Le samedi 3 mai 2025, une vague citoyenne a une fois encore traversé les artères de Bé Souza Netimé 3, portée cette fois par une volonté ferme de réconcilier l’espace public avec la dignité collective. À l’appel du Comité de Développement de Quartier (CDQ), les habitants se sont mobilisés autour d’une mission symbolique : nettoyer les abords du ministère de la Sécurité et de la Protection Civile. Une action qui, au-delà de la salubrité, posait les jalons d’un message clair : la sécurité commence aussi par la propreté.
Sous les premiers rayons d’un soleil complice, brouettes, balais, pelles et gants ont dansé en cadence, faisant valser les détritus et redonnant à ce haut lieu républicain un visage digne de son nom. Car protéger, c’est aussi préserver l’environnement immédiat des institutions.

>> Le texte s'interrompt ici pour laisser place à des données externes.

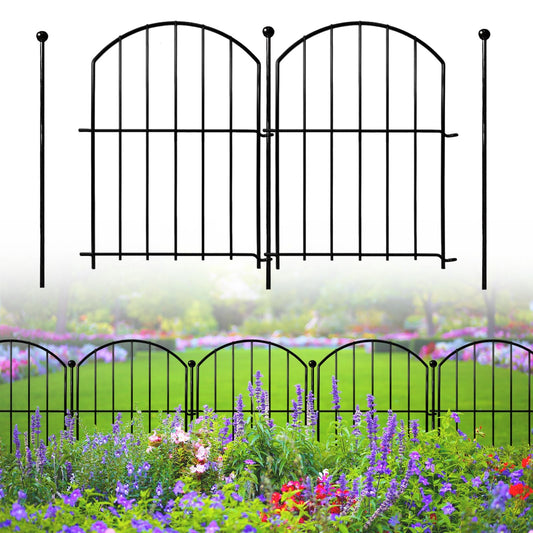 Decorative Garden Fence 17in(H)x13in(W), 26 Pack Rustproof Metal No Dig Fence Animal Barrier for Dog, Arched Flower Bed Edging Ornamental Wire Border Panel Fencing for Yard Patio Outdoor Decor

À l’initiative de cette opération de salubrité exemplaire, David Ségbédji, Président du CDQ, n’a pas manqué de rappeler le sens profond de l’acte posé. « C’est une opération de nettoyage, certes, mais aussi une opération de conscience. Nous ne faisons pas qu’assainir un espace, nous revalorisons un symbole : celui de la responsabilité citoyenne face à l’État. » Pour lui, ce geste est un clin d’œil civique, une manière élégante de dire que le respect de l’autorité passe aussi par le respect de son environnement.
Un symbole fort autour d’un lieu fort
Choisir la clôture du ministère de la Sécurité et de la Protection Civile n’est pas anodin. C’est adresser un message fort à toutes les couches de la société : la sécurité ne se décrète pas, elle se cultive. Et cela commence par des gestes simples, posés avec grandeur. Cette action rappelle que le civisme n’est pas un luxe républicain, mais un devoir quotidien.
En balayant les abords de ce ministère, les citoyens de Bé Souza Netimé 3 ont surtout balayé l’indifférence, redonnant un éclat nouveau à la solidarité communautaire et à l’engagement pour le bien commun.